The thing is that I have calculation “code” snippet in symbolic math software and I’m able to get identical results with Ansys for the Simplified Enhanced Assumed Strain (KEYO(2)=3 and KEYO(6)=0) with the method described in Andelfinger and Ramm([321] paper, but I can’t get identical results for Enhanced Assumed Strain method (KEYO(2)=2 and KEYO(6)=0), because I don’t know what specific EAS- version or theory it uses.

1. When SOLID185 is used with KEYO(2)=2 and KEYO(6)=0, is the special 9-point (2x2x2 + 1) or 27-point (3x3x3) or standard 8-point (2x2x2) Gaussian quadrature used for calculating stiffness matrix  ?

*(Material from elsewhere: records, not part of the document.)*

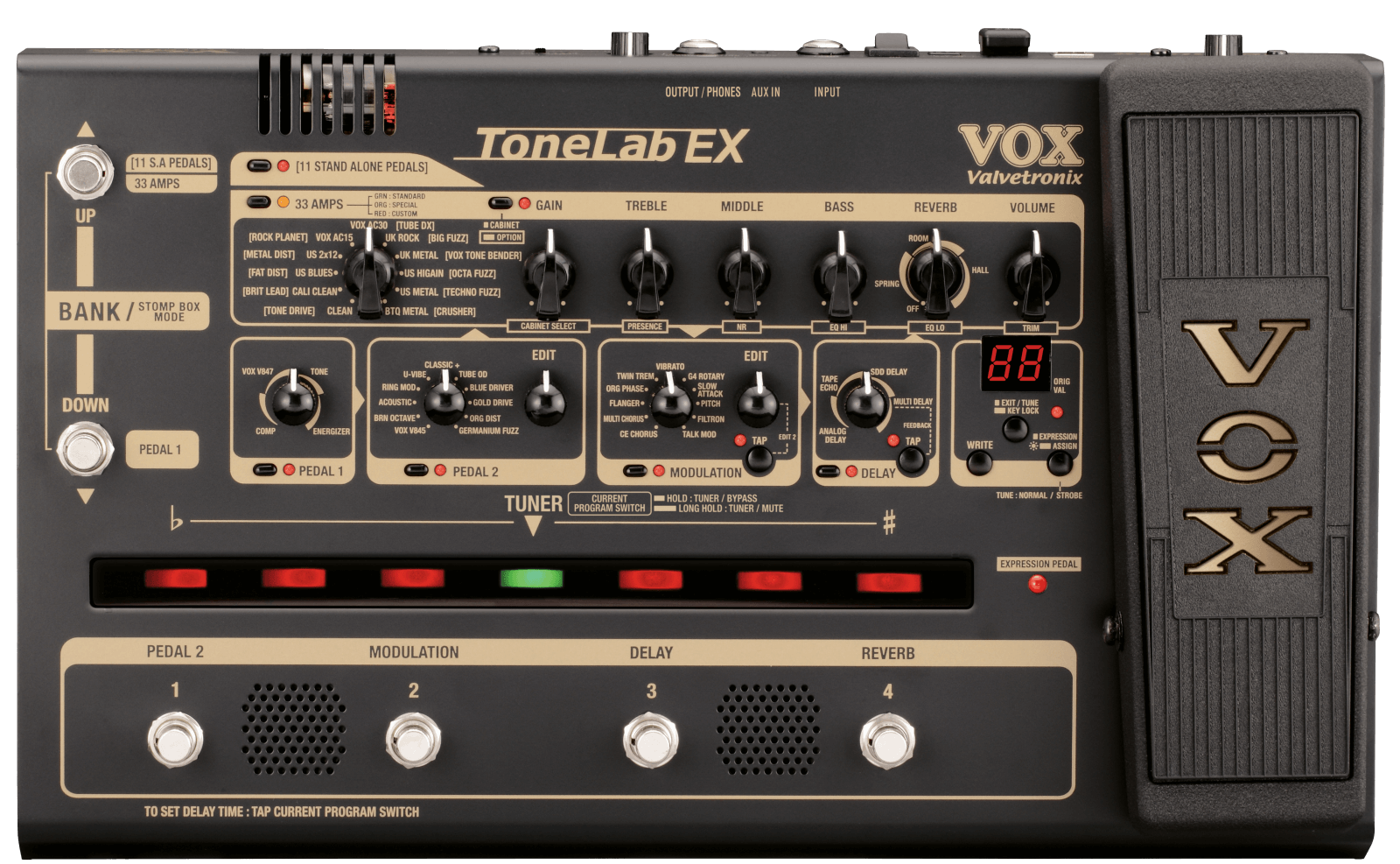 ToneLab EX - Vox Amps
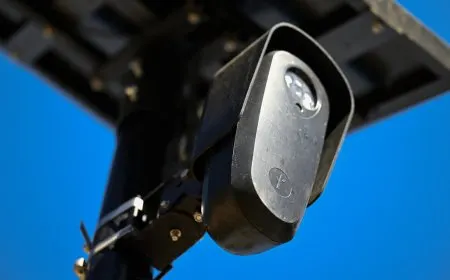 A Texas town council meeting addresses resident concerns regarding automated license plate readers and digital privacy.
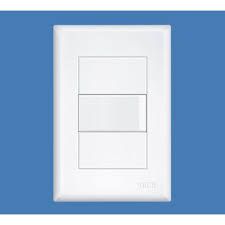 INTERRUPTOR EVIDENCE 1SP 10A COM PLACA FAME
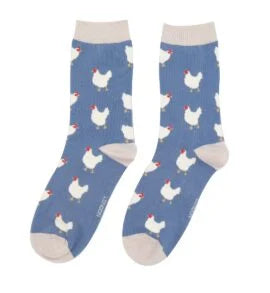 Miss Sparrow Hens Socks - Various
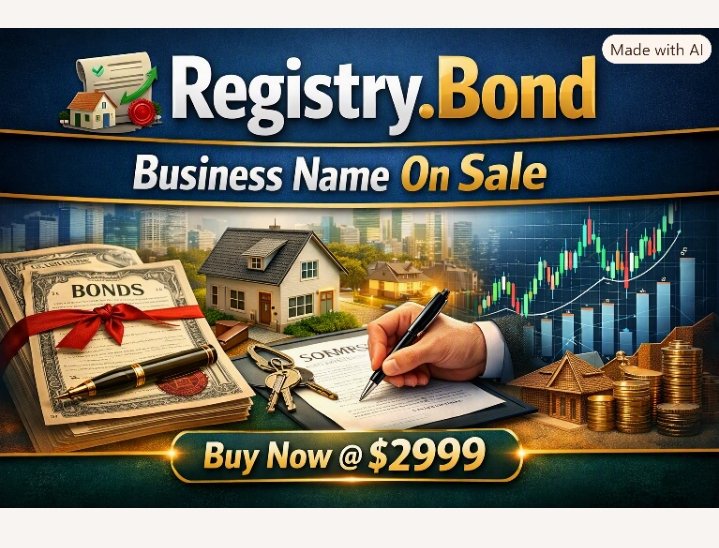 domainlaunchers's tweet photo. Good Afternoon 🙏
Premium #Domain on Sale 👇
Exclusive for #Bond #Bonds #secure #Security #Securities #Reg #Regd #Register #Registry #Registration #Property #Properties #Realestate #Realestates #Realty #Realtity #Broker #Brokers #Brokerage #Brokerages #Ai #Law #Laws #Si #Domains
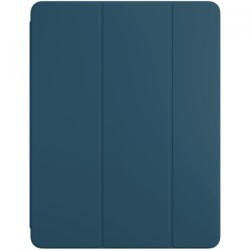 Apple iPad Pro 12.9 (2022), Pro 12.9 (2021), Pro 12.9 (2020), Pro 12.9 (2018), Smart Folio tablet fliptok, gyári, Kék, Marine Blue MQDW3ZM/A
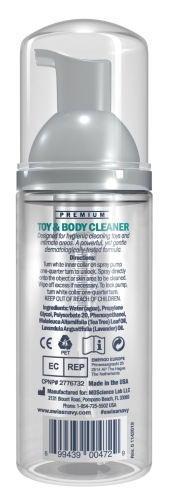 Очищаюча пінка для секс іграшок Swiss Navy Toy &amp; Body Cleaner 47 мл - 2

2. Is the transformation matrix T_0 (6×6 matrix, used for the enhanced interpolation matrix M_xi) the same as in Simplified Assumed Strain method ?

3. What is the enhanced interpolation matrix M_xi for the Enhanced Assumed Strain ? I haven’t found M_xi matrix where is 9+4 enhanced parameters. I have only found 9+3 version and additionally Andelfinger and Ramm([321] paper’s possible choices for M_xi: 9 (EAS-9), 9+6 (EAS-15), 9+12 (EAS-21), 9+21 (EAS-30).

4. There are also many different versions for calculting the gradients / “B-matrices”. For example calculate gradients in the element centroid, calculate the average of the gradients, use and multiply the relation of jacobian determinants det(J(0,0,0))/det(J(xi,eta,zeta)), etc… These different versions are for the enhanced assumed strain element to pass the patch test and for example to take account effects of initially distorted elements.

Best regards,